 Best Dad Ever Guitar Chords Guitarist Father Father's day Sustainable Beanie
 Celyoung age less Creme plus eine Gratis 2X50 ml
○ ○ ○ ○
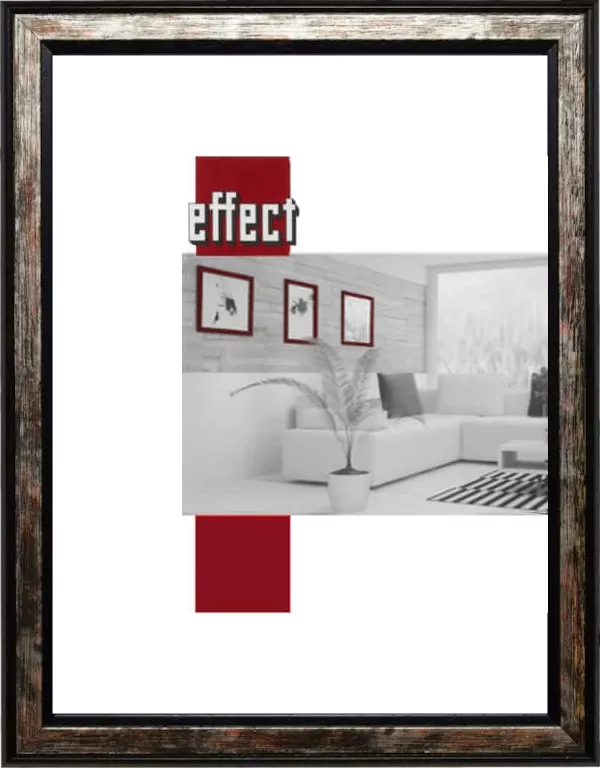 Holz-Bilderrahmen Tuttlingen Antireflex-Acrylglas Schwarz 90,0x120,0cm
○ ○ ○ ○
▸ **WHAT IS REQUIRED**
Please copy, exactly as written, every line in the listing above from the line with "Best Dad Ever" up to and including the line with "Celyoung age less".

▸ **RESULT OF THE TASK**
 Best Dad Ever Guitar Chords Guitarist Father Father's day Sustainable Beanie
 Celyoung age less Creme plus eine Gratis 2X50 ml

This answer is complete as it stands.